Parts of this work are associated with the ISCA Special Interest Group “Security and Privacy in Speech Communication” (ISCA SIG SPSC).
Contacts: Silas Rech and Tom Bäckström
Use of speech services in noisy, reverberant conditions remains a challenge especially when far from the microphone and when using low-cost microphones. While state-of-the-art speech enhancement methods can recover speech signals with high accuracy, they come at the cost of high-complexity and/or high delay (offline operation). Real-world applications however require speech enhancement which operates in real-time and with affordable hardware.
We study speech enhancement challenges which occur in real-life scenarios, such as
- Blind bandwidth extension to compensate for the low sampling rate of common microphones.
- Competing speaker-cancellation in multi-user and multi-device scenarios, such as open-plan and home offices. Observe that this addresses privacy concerns which are prevalent in such shared-office scenarios.
Contacts: Silas Rech, Esteban Gomez, and Tom Bäckström
Machine learning methodology has advanced rapidly and provides generic tools for a wide variety of use cases. While this approach has proved very successful, it does not take advantage of a long history of domain knowledge in speech processing. It is thus reasonable to expect that a combination of machine learning with speech signal processing will give further significant improvements in performance.
Current projects include
- Speech feature modeling by vector quantization; by reparametrizing quantization, it can be made differentiable thus enabling backpropagation.
- Dynamic neural networks, where hyper-parameters are trained online to gain an optimal trade-off between complexity and performance.
- Entropy coding with neural networks.
Contacts: Mohammad Vali and Tom Bäckström
Interactions with digital voice assistants are largely based on a question-and-answer paradigm. Human-to-human dialogue is, however, much more than that. We speak in incomplete sentences, sometimes overlapping with each other and we use backchannel expressions like ‘uh-oh’, ‘hmm’ as affirmations and to express disagreement also while the other is speaking. Clearly, dialogues are thus continuous, dynamic, fully bidirectional interactions. Such dynamic interaction enables speakers to continuously adapt their communication. For example, when a listener tacitly communicates excitement, it supports and encourages the speaker to continue.

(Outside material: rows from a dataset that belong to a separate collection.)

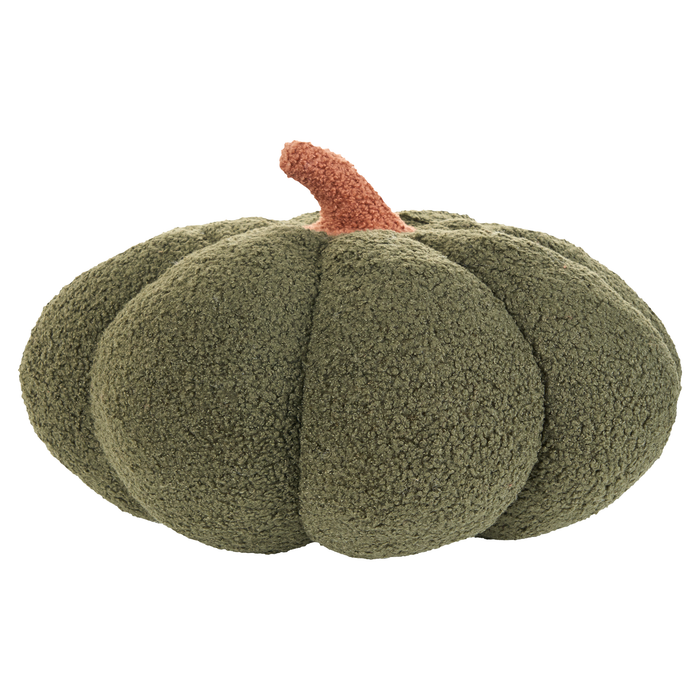 Set 2 cuscini di peluche a forma di zucca in tessuto bouclé verde âŒ€ 35 cm decorazione accessorio di halloween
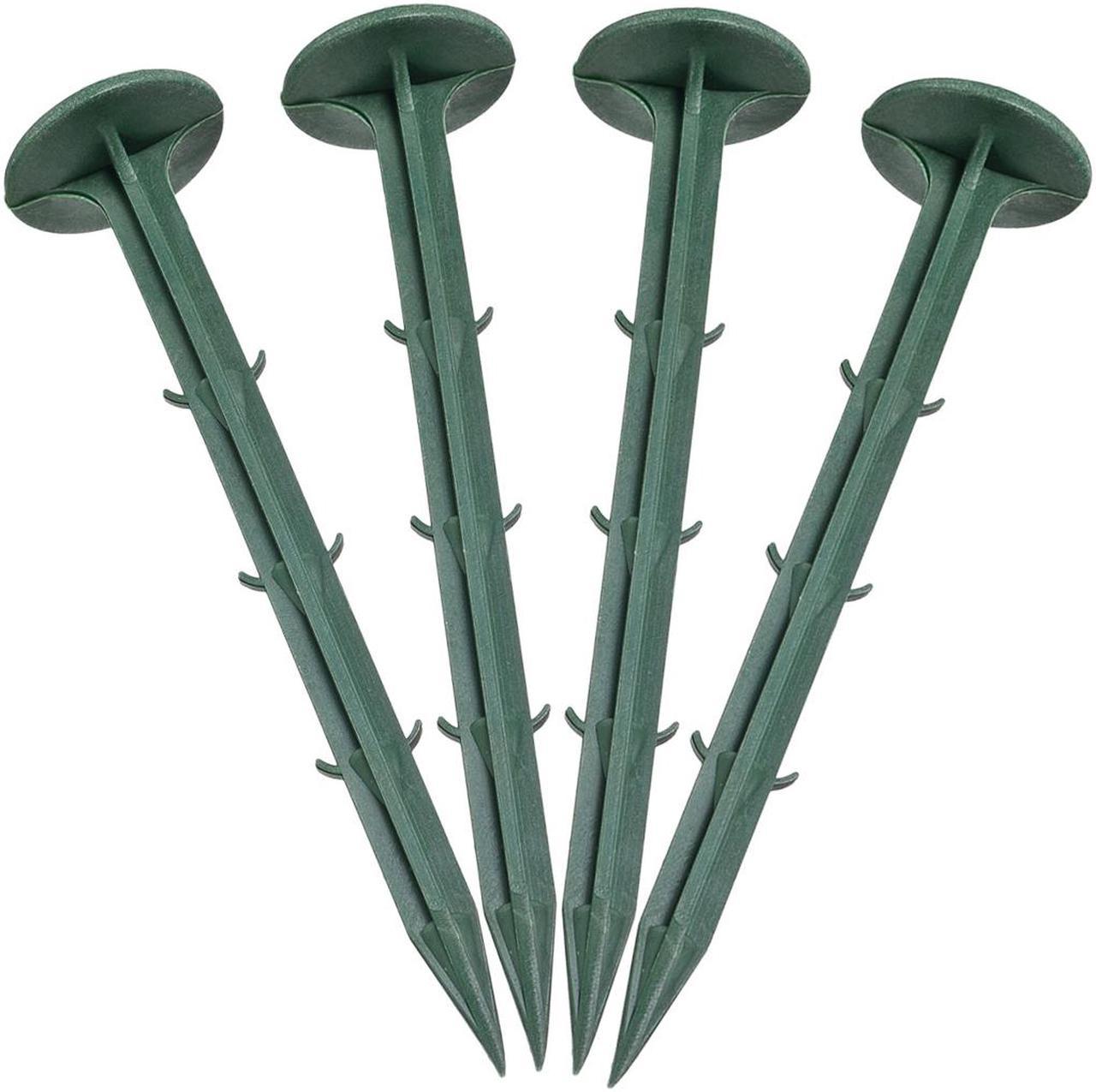 Plastic Garden Stakes Anchors Landscape Ground Nail 160mm 6.3-inch Green 30pcs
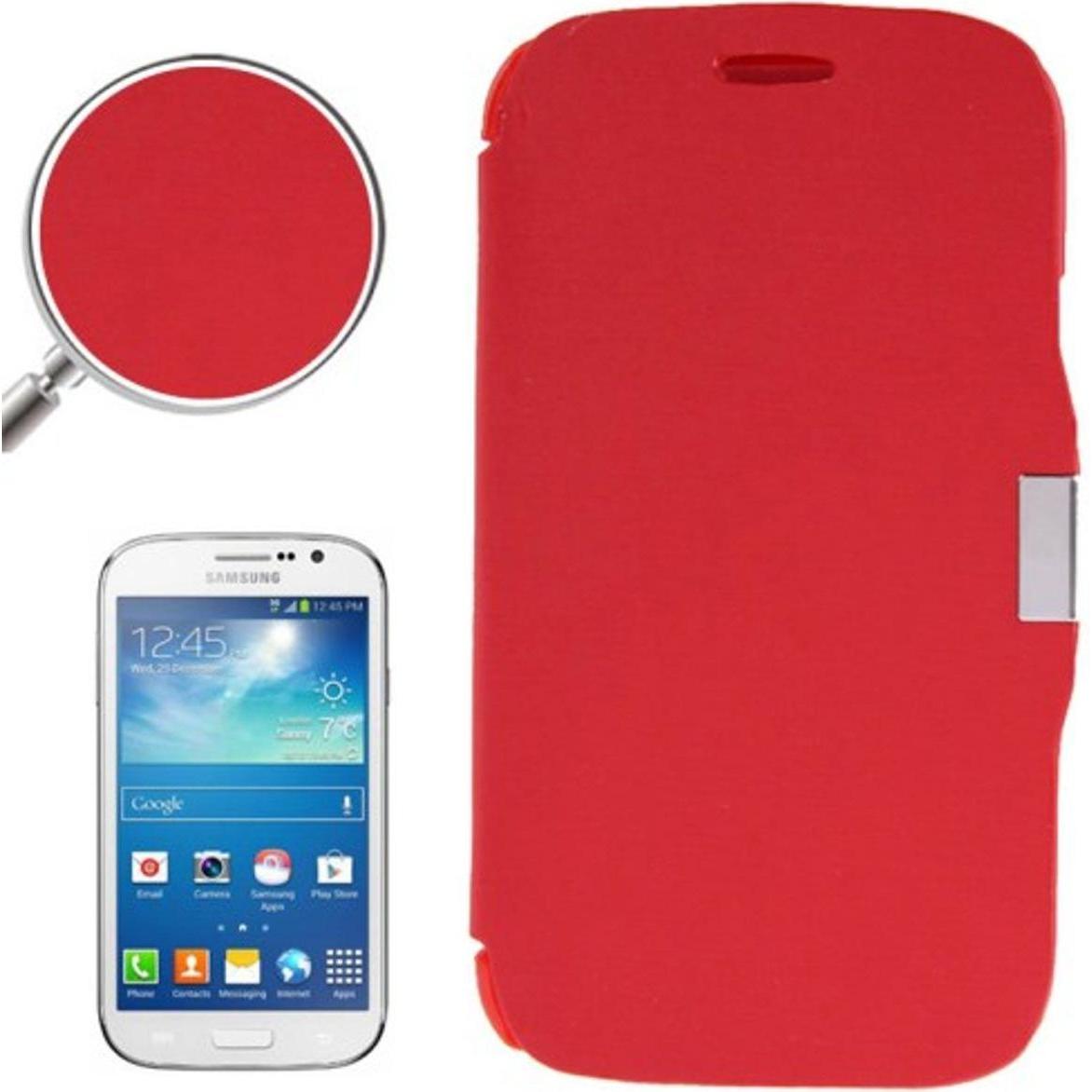 König Design Handyhülle Tasche für Samsung Galaxy Grand Duos GT I9082 rot gebürstet (Samsung Galaxy Grand DuoS), Smartph...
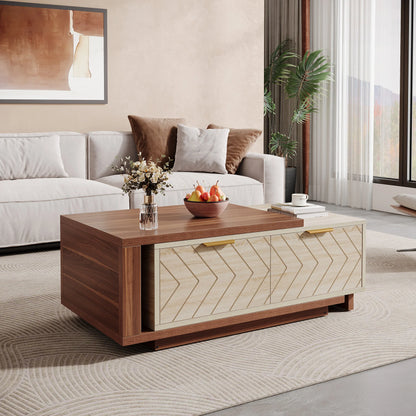 Tribesigns Extendable Coffee Table, 42"-65" Length Adjustable Reversible Wood Coffee Table with 2 Storage Drawers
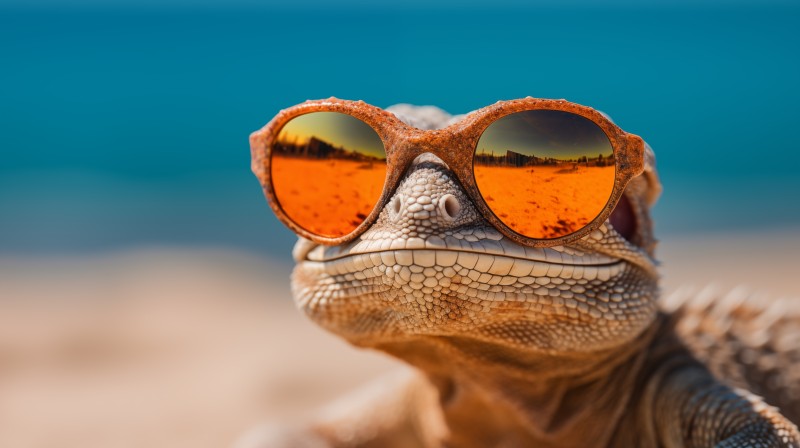 AI Art, Lizards, Beach, Sunglasses Wallpaper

We want to model the dynamic interaction of human-to-human communication, to better understand human interaction and to develop voice assistants which have more intuitive interaction with humans. Our hypothesis is that dynamic interaction features are communicated through the backchannel and speech style. We are thus studying both models of dynamic interaction and analyzing communication conveyed in the style of speech.
Contacts: Mariem Bouafif, Alexandra Craciun and Tom Bäckström
Most devices that feature speech processing capabilities are small, affordable, and low-power embedded devices like headsets, mobile microphones, and mobile phones. Many state-of-the-art deep learning methods, however, have billions of parameters and require serious computational power to run online, and are thus not feasible in embedded environments. To enable speech processing in embedded devices we, therefore, need the ability to scale and optimize resource requirements to match available hardware and other systems constraints.
We currently work on:
- Low-complexity speech processing.
- Optimization and dynamic allocation of resources in neural networks.
- Modeling of computational requirements such that the complexity of embedded implementations of models developed in high-abstraction languages (e.g., python, PyTorch, TensorFlow), can be reliably estimated in the high-abstraction environment, before porting it to the embedded environment. That is, the objective is that when developing a model in a high-abstraction language, we can restrict complexity during development, such that we can be confident that its embedded implementation will run in the target environment, even before porting the code.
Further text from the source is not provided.